Un film diamant brut
Présenté à la Semaine de la Critique 2016, Diamond Island, le premier long du jeune réalisateur franco-cambodgien Davy Chou, a fait sensation. En racontant une jeunesse qui se brûle les ailes sur le chantier d’un futur hôtel luxueux, Davy Chou a signé un film aussi fort qu’esthétique, prémices d’une carrière prometteuse. On l’a rencontré tant que c’est encore possible…
Comment passe-t-on d’un documentaire à un long-métrage de fiction ?
Ca s’est fait sans y penser.

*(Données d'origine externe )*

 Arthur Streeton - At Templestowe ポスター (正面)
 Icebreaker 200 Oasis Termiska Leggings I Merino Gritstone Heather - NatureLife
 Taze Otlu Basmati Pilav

Je n’ai jamais eu vocation à faire du documentaire, car mes influences naturelles vont plus du côté de la fiction. Ce qui me faisait un peu peur par contre, c’était la direction d’acteurs, car je n’en avais jamais vraiment fait. Je ne savais pas si je parviendrais à diriger des comédiens. Surtout qu’il y avait pas mal d’émotions à jouer. Je me demandais aussi si j’arriverais à trouver ces acteurs au Cambodge et à les amener à leur potentiel.
Et finalement, comment s’est-elle déroulée, cette direction d’acteurs ?

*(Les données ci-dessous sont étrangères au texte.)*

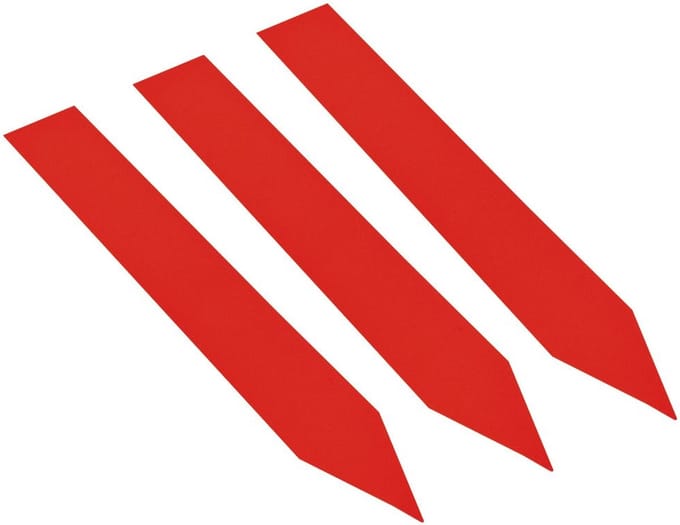 CombiCraft PVC Steeketiketten 120 x 20 mm Rood - 100 stuks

Ca a été beaucoup de travail. C’était absolument passionnant et j’ai adoré ça. C’était d’abord un grand plaisir de les dénicher, un prétexte pour pouvoir parler à des jeunes Cambodgiens d’une vingtaine d’années, ce que je n’avais jamais vraiment fait. Puis, pour la préparation des acteurs, on a fait les choses progressivement, en inventant nos propres techniques. Au début, je les voyais une fois par semaine, pour des choses très basiques : comment se tenir debout, se regarder, respirer… On a ensuite commencé à faire des jeux ensemble, à se parler et petit à petit, on a travaillé les émotions avec des scènes qui ne faisaient pas forcément partie du film. On a ciselé les personnages avec des improvisations et je les ai vus devenir des acteurs, qui se prennent au jeu et se lâchent. J’étais ému et fier quand est arrivé le premier jour de tournage pour chacun d’entre eux et de voir combien ils étaient prêts. Ce travail de préparation qui avait duré trois mois n’avait pas été vain.

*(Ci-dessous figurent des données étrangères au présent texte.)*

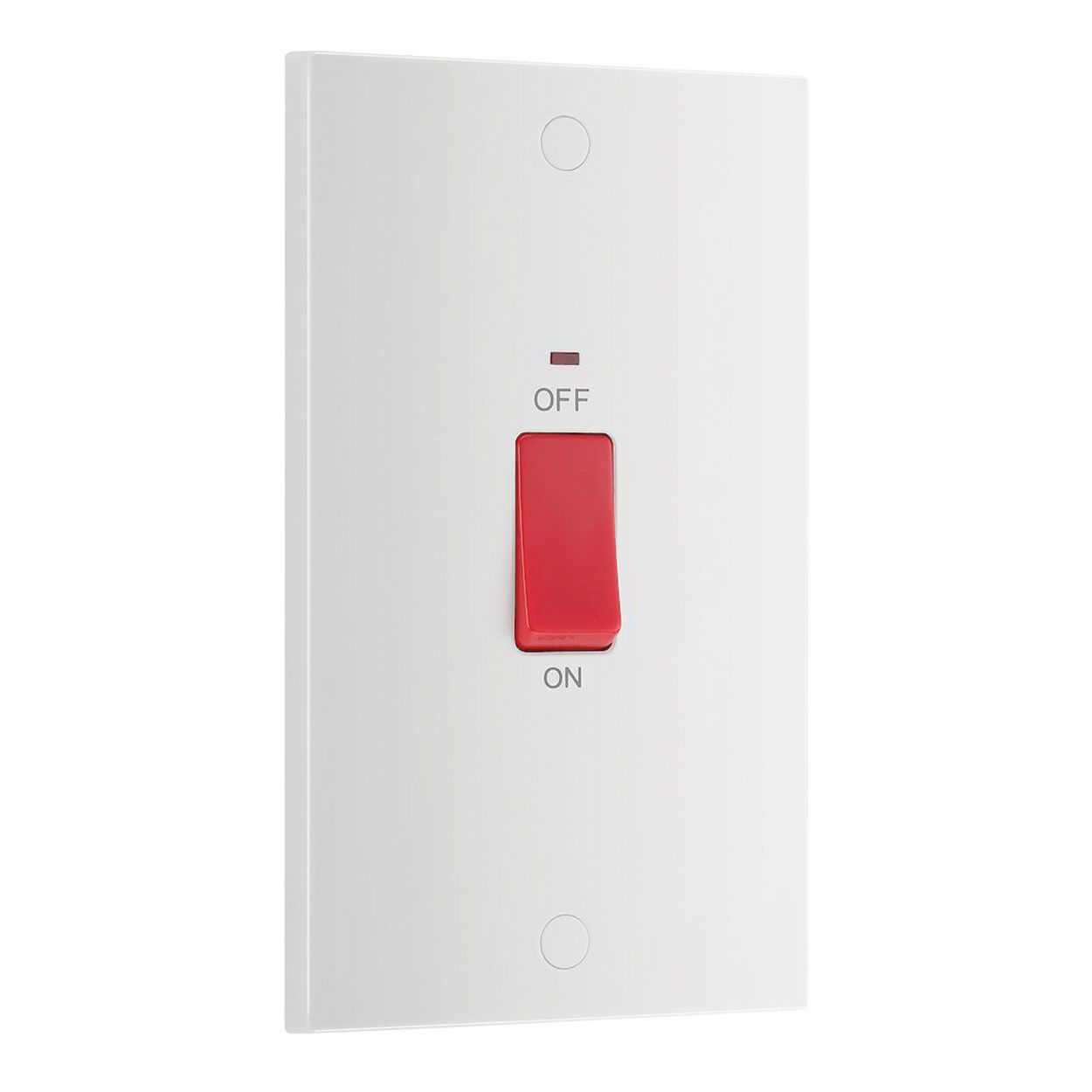 BG 45A Double Plate LED Indicator Switch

Aucun d’entre eux n’avait fait de cinéma auparavant ?
Aucun, sauf Samnang Nut qui joue Virak, le chef de la bande et qui est clown et a déjà joué au théâtre. Mais tous ont été formidables. Comme je les filmais pendant la phase de préparation, le plus dur pour eux était d’appréhender la caméra et d’oublier tout le dispositif de tournage.
Etait-ce une évidence pour vous que ce film devait se passer au Cambodge ?
Je voulais prolonger la jeunesse que j’avais vue pendant mon documentaire, Le Sommeil d’or. Je voulais montrer le Cambodge d’aujourd’hui et dans ce lieu précis qui cristallise toute la relation ambiguë et parfois cruelle, entre la jeunesse et l’attraction de la modernisation.
Que vouliez-vous vraiment raconter avec Diamond Island ?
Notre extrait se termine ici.